FIA-Präsident Max Mosley wiederum sieht die Problematik weniger dramatisch: "Das ist die Entscheidung von 'ITV', aber 'RTL' hat sich zum Beispiel bei Bernie beschwert, dass es kein Warm-Up mehr gibt, weil sie keine Werbung mehr für das Warm-Up verkaufen können. Ich persönlich finde, dass das Warm-Up ist, als würde man der Farbe beim Trocknen zusehen, aber die Leute schalten den Fernseher trotzdem ein."
Mosley glaubt nicht an eine Änderung des Qualifyings
Der Brite selbst betonte, dass er weder Gegner noch Befürworter des für 2005 vorgesehenen Systems ist, sich aber prinzipiell dafür einsetzen will, dass es zumindest dieses Jahr keine kurzfristige Änderung mehr gibt, weil dies dem Sport nur schaden würde. Nur bei Einstimmigkeit aller Teams könnte das Format doch noch gekippt werden, "aber das ist sehr unwahrscheinlich, wenn nicht ein unvorhergesehenes Desaster auf uns zukommt", so Mosley.
Eingeführt wurde das zweigeteilte Qualifying mit einer Session am Sonntag nach dem Wetterchaos von Suzuka im vergangenen Jahr, als aufgrund eines Taifuns erst wenige Stunden vor dem Rennen die Startaufstellung ermittelt werden konnte. Das Publikum vor Ort reagierte wohlwollend auf diese Verschiebung, weil man mehr geboten bekam, und auch im Fernsehen kam die Übertragung auf Anhieb gut rüber.
Allerdings wurden einige Faktoren nicht bedacht, als man das Format zum Formel-1-Standard gemacht hat: So können sich Fans beispielsweise nicht mehr in der Sonntagszeitung über die Startaufstellung informieren, sondern sie müssen am Vormittag den Fernseher einschalten - was für viele, die Familie haben, nicht in Frage kommt. Darüber hinaus gehen den Automobilherstellern und Sponsoren die Schlagzeilen für die Pole Position verloren.
Mehr Zwischenfälle im Qualifying als bisher?
Auch rein sportlich bringt das Sonntags-Qualifying einige Probleme mit sich, denn im Gegensatz zum Zeitfahren am Samstagnachmittag müssen die Piloten dann unaufgewärmt und mit vollen Tanks eine schnelle Runde hinlegen - noch dazu möglicherweise auf sehr rutschiger Fahrbahn, wenn es in der Nacht davor geregnet hat. Fahrerisch ist dies eine nicht zu unterschätzende Herausforderung, zumal ja so knapp vor dem Rennen niemand sein Auto in die Leitplanken setzen will.

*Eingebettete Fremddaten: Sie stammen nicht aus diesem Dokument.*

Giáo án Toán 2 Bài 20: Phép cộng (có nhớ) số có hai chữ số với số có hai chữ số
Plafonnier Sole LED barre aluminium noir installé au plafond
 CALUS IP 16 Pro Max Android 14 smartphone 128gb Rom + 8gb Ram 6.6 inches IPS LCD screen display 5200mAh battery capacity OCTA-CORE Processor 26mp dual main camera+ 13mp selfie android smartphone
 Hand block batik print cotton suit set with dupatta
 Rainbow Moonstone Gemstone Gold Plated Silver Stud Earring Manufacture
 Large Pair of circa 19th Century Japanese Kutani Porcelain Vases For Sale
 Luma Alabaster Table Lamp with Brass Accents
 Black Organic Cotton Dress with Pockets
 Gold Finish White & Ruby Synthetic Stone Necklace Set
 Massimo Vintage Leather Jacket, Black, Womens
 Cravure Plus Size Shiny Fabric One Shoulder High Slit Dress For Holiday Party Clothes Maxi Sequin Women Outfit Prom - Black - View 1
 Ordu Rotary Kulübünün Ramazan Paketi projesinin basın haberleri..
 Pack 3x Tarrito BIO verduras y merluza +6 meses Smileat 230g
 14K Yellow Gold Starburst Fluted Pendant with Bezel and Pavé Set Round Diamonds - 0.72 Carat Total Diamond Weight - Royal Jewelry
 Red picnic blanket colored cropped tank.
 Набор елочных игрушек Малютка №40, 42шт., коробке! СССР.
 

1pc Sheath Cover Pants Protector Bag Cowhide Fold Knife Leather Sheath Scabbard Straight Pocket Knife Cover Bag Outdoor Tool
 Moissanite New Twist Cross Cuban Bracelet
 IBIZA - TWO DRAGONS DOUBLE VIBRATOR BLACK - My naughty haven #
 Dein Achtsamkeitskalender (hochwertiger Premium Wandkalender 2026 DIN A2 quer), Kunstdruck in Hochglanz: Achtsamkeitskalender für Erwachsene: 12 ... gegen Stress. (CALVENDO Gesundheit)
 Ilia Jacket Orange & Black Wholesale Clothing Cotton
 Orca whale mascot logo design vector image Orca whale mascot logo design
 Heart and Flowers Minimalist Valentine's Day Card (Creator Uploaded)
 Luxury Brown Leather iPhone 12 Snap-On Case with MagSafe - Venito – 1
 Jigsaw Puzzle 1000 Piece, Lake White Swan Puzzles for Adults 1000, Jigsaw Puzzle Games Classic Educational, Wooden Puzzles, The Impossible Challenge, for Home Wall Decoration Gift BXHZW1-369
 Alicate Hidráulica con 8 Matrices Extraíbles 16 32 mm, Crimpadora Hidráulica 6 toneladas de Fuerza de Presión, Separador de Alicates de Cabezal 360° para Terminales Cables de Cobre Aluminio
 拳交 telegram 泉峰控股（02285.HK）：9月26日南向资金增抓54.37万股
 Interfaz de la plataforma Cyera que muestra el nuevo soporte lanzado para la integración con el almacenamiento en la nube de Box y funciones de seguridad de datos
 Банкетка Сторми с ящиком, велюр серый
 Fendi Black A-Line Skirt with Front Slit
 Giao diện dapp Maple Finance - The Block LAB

Aus kommerzieller Sicht ist in Zusammenhang mit dem neuen Qualifying auch interessant, dass Inhaber von Paddock-Tickets - meistens Vertreter von wichtigen Sponsoren - bisher am Sonntagmorgen Gelegenheit hatten, durch die Boxengasse zu marschieren, um sich ein Bild von der Formel 1 zu machen. Wenn nun in dieser Zeit ein Qualifying ausgetragen wird, ist dies nicht mehr möglich, was für viele Geschäftsleute den Anreiz verringern könnte.